2. Baseline and YOLO-MXANet Algorithm

In this section, firstly, YOLOv3 baseline algorithm will be introduced in Section 2.1. Then, in Section 2.2, our proposed algorithm will be organized through five sub-sections. In Section 2.2.1, the backbone network SA-MobileNeXt will be presented and explained. In Section 2.2.2, Multi-scale Feature Enhancement Fusion Network will be elaborated. In Section 2.2.3, SiLU activation Function will be described in detail. In Section 2.2.4, the data enhancement approach utilized will be explained. In Section 2.2.5, the loss function used will be presented.

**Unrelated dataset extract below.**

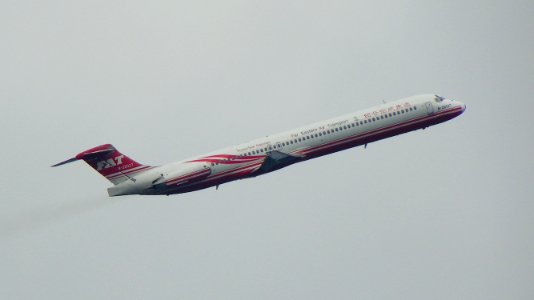 Far Eastern Air Transport MD-83 B-28027 Climbing up from Taipei Songshan Airport 20111227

2.1. YOLOv3 Baseline Algorithm

YOLOv3 uses the Darknet-53 backbone network to extract features, which integrates the residual idea of ResNet [30]. The advantage of residual structure in the Darknet-53 (named Res_Unit) is that the accuracy can be improved by increasing the depth of network. The Res_Unit block uses the shortcut, which can alleviate the gradient diffusion problem caused by increasing the depth of the network. In addition, YOLOv3 utilizes three different feature layers extracted from the Darknet-53 backbone network to fuse and form three prediction layers for prediction. In the YOLOv3, the feature fusion idea of FPN [31] is adopted. That is, the semantic information and location information of three feature maps with different scales are combined by up-sampling and fusion to obtain feature maps containing rich information for detection. Therefore, YOLOv3 can effectively detect small objects. Specifically, the image with the size of $640\times 640$ is sent into the network, and three feature maps with different scales (e.g., $80\times 80,40\times 40,20\times 20$) are obtained. The 32-fold downsampled feature maps from the backbone network pass through five convolution layers. On the one hand, the feature maps generated are directly predicted after passing through one convolution layer. On the other hand, after a convolution layer and an upsampling operation, they are concatenated with the 16-fold downsampled feature maps from the backbone network to obtain the fusion feature maps. The operations of the 16-fold downsampled feature maps from the backbone network are similar to those of the 32-fold downsampled feature maps.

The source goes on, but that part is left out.